## Information provided
++++++++++++++++++++

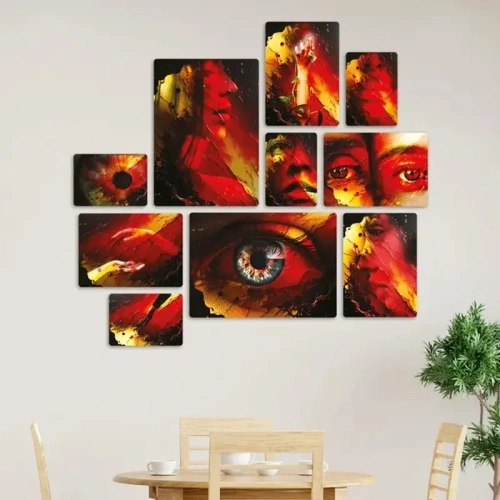 Metaphysical Soul Red Quadri set 10 pannelli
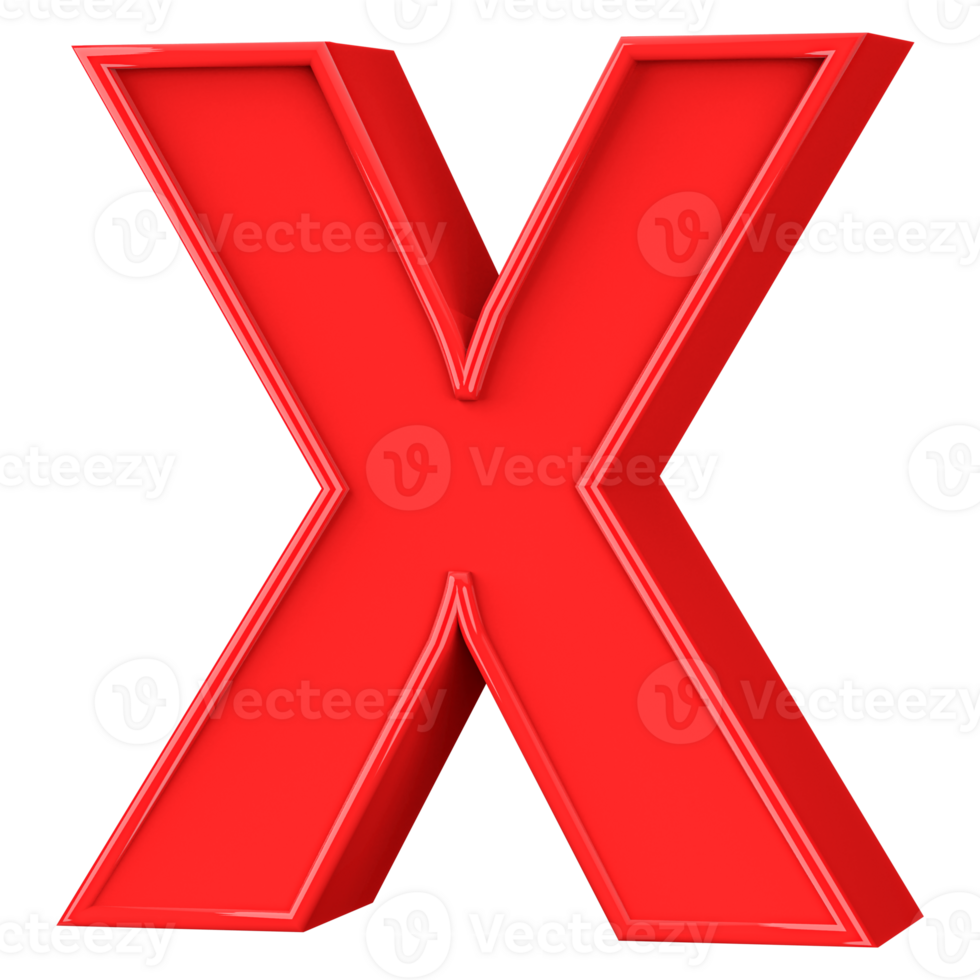 3D Font Letter X uppercase png
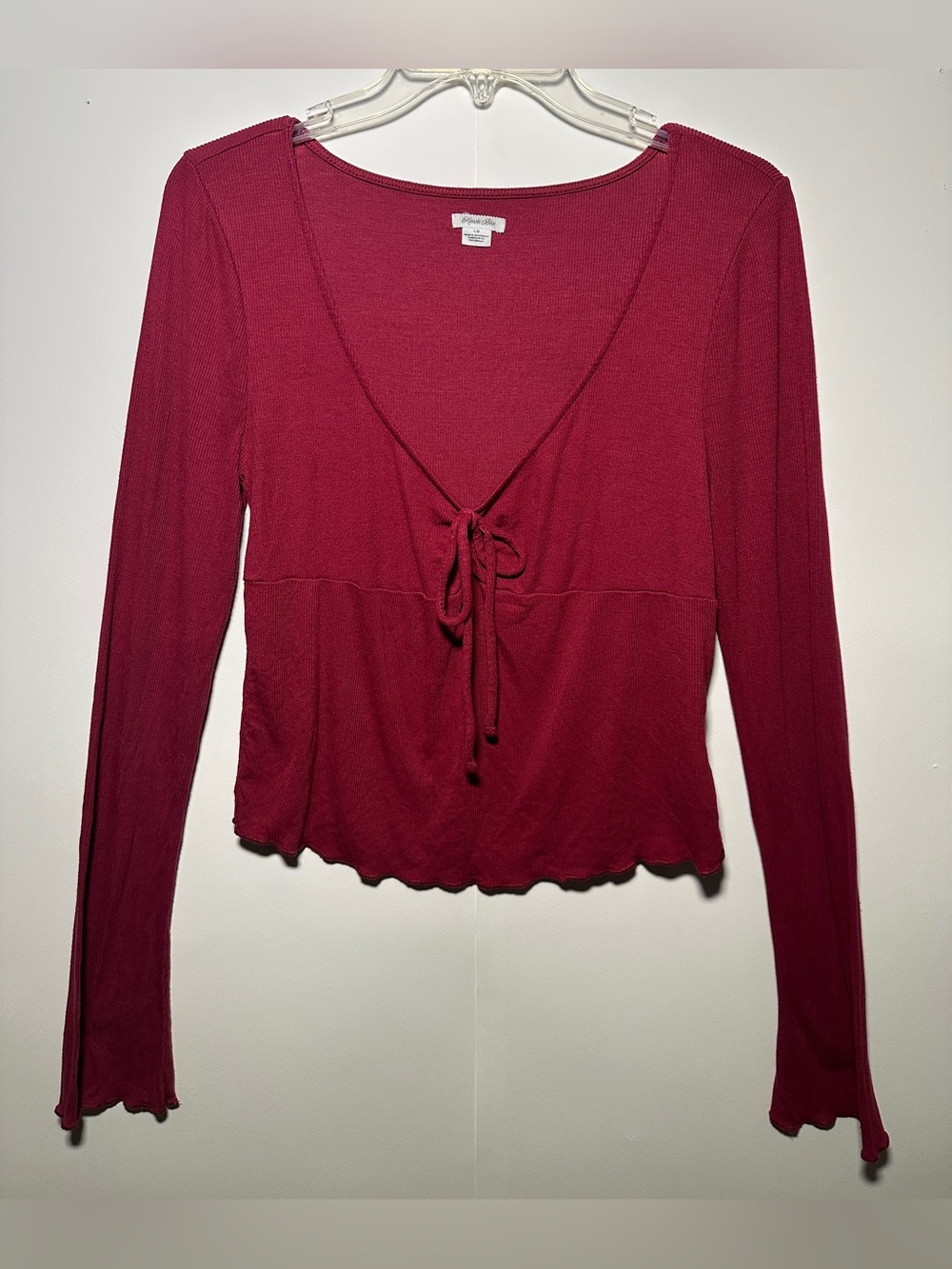 Kimchi Blue Burgundy Tie-Front Long Sleeve Crop Top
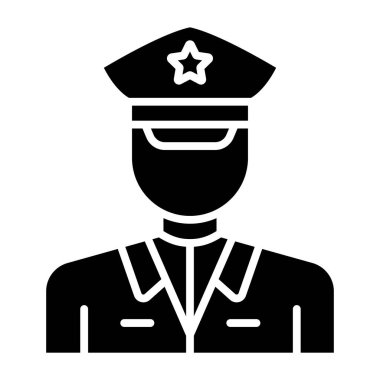 Polis memuru ikon vektör illüstrasyonu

++++++++++++++++++++

Retype the listing above exactly as it appears, omitting the pictures.

## Exercise response
 Metaphysical Soul Red Quadri set 10 pannelli
 3D Font Letter X uppercase png
 Kimchi Blue Burgundy Tie-Front Long Sleeve Crop Top
 Polis memuru ikon vektör illüstrasyonu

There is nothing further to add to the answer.